Signed graph embeddings. To overcome the homophily limitation, SNE [27] generates uniform random walks on signed graphs (by ignoring the weights on the edges) and replaces the skip-gram model by a log-bilinear model. The model predicts the representation of a target node given its predecessors along a path. To capture the signed relationships between nodes, two signed-type vectors are incorporated into the log-bilinear model. SIDE [8] generates firstorder random walks and defines a likelihood function composed of a signed proximity term to model the social balance theory, and two bias terms to mimic the preferential attachment theory. SiNE [24] is a deep neural network-based model guided for social theories. SiNE maximises the margin between the embedding similarity of friends and the embedding similarity of foes. StEM [20] is a deep learning method aiming at learning not only representations of nodes of different classes (e.g. friends and foes) but also decision boundaries between opposing groups . Hence, unlike other methods, e.g. SiNE, which are distance-based (thus, use only local information), StEM attempts to incorporate global information.

Overall, to learn node embeddings, SNE and SIDE generate random walks but do not use the skip-gram in node2vec to learn parameters, while SiNE and StEM use a margin loss function and decision boundary method respectively.

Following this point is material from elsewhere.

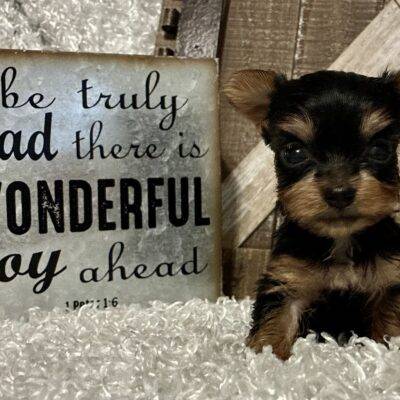 FEMALE YORKIE PUPPY!!!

Our model. Our approach extends the traditional skip-gram objective of word2vec and node2vec to signed graphs. We facilitate this by ensuring that each training example is constructed via a sign-informed random walk. Leveraging the skip-gram architecture not only provides scalability advantages, but also the flexibility to extend the embedding process to effectively utilize edge attributes. While all mentioned related works are edge-attribute agnostic, our proposed method can leverage edge attributes such as topics in the form of contextual topic embeddings. We argue that incorporating edge attributes, such as topics, in the embedding process can benefit understanding stance in signed social-network interactions.

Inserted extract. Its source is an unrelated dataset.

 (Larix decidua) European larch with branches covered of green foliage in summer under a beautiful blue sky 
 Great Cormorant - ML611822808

In many real-world social systems, relations between two nodes can be represented as signed graphs with positive and negative links. Early signed graphs are derived from observations in the physical world such as the relationships among Allied and Axis powers during World War II [4] .

The development of social media has enabled the mining of larger, signed social graphs. Typically, signed graphs in social media represent relations among online users where positive links indicate friendships, trust, and like, whereas negative links indicate foes, distrust, and dislike. Signed graphs in social media often have thousands of users and millions of links, and they are usually sparser than physical world signed graphs.

Existing datasets. Epinions, Slashdot [11] , Wiki-Rfa [25] , Bit-coinOtc, BitcoinAlpha [9, 10] are the largest and most widely used signed graphs used for benchmarking signed graph embeddings methods. Epinions.com 3 was a product review site where users can write reviews for various products with rating scores from 1 to 5. Other users could rate the helpfulness of reviews. Slashdot 4 is a technology news platform on which users can create friend and foe links with other users. For a Wikipedia editor to become an administrator, a request for adminship (RfA) must be submitted, and any Wikipedia member may cast a supporting, neutral, or opposing vote. This induces a directed, signed graph Wiki-Rfa [25] in which nodes represent Wikipedia members and edges represent votes. BitcoinOtc and BitcoinAlpha [9, 10] are who-trusts-whom graphs of users who trade using Bitcoin on online platforms. Since Bitcoin users are anonymous, there is a need to maintain a record of users' reputation to prevent transactions with fraudulent and risky users. Platforms' members can rate each other members positively or negatively.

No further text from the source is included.